Jacob Herzum
Miura Sachiko[1]
Miura Sachiko war zum Zeitpunkt der Katastrophe etwa 60 Jahre alt und lebte an der südlichen Küste der Sanriku-Bucht. Sie verlor durch den Tsunami neben Haus und Auto fast alle ihre Besitztümer und lebte zum Zeitpunkt des Interviews in einer Containerunterkunft (kasetsu jūtaku) in dem Viertel Mitobe (Ortsteil Tokura).
Unmittelbar nach der Katastrophe verbrachte sie allerdings zunächst mehrere Monate in der Unterkunft Shizen no ie („Haus der Natur“). Hier wurde auf dem Parkplatz der gleichnamigen Bildungseinrichtung der Präfektur Miyagi die erste Containerunterkunft in Minami-Sanriku errichtet. Im Interview verglich Sachiko ihre derzeitige Unterkunft in Mitobe mehrfach mit Shizen no ie, und stellte dabei fest, dass ihr das Leben in ihrer neuen Bleibe aufgrund der umgänglichen Atmosphäre besser gefiel.
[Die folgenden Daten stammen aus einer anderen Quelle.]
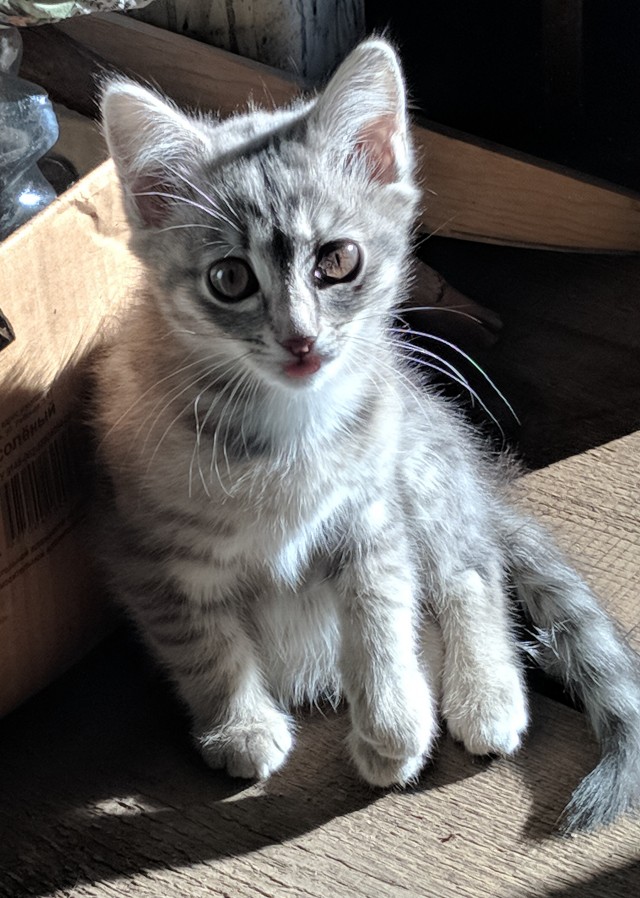 Котики-шпротики!)))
あの。。あっちは、例えば物資くると、自分だけ取ろうとかさ、自分が先に行って取ろうとかっつ。。ね、そういう感じ。ここはそういうないから。。来たらもう順番にっつ感じだね。
Wenn dort [im Shizen no ie] Hilfsgüter geliefert werden, versucht jeder nur für sich welche zu bekommen und sich vorzudrängeln. So ist das dort. Hier ist das nicht so! Wenn die Lieferung kommt, geht es hier der Reihe nach.
Abbildung. Conterainerunterkunft Shizen no ie. Google Maps 2014 [letzter Zugriff 24.01.2022].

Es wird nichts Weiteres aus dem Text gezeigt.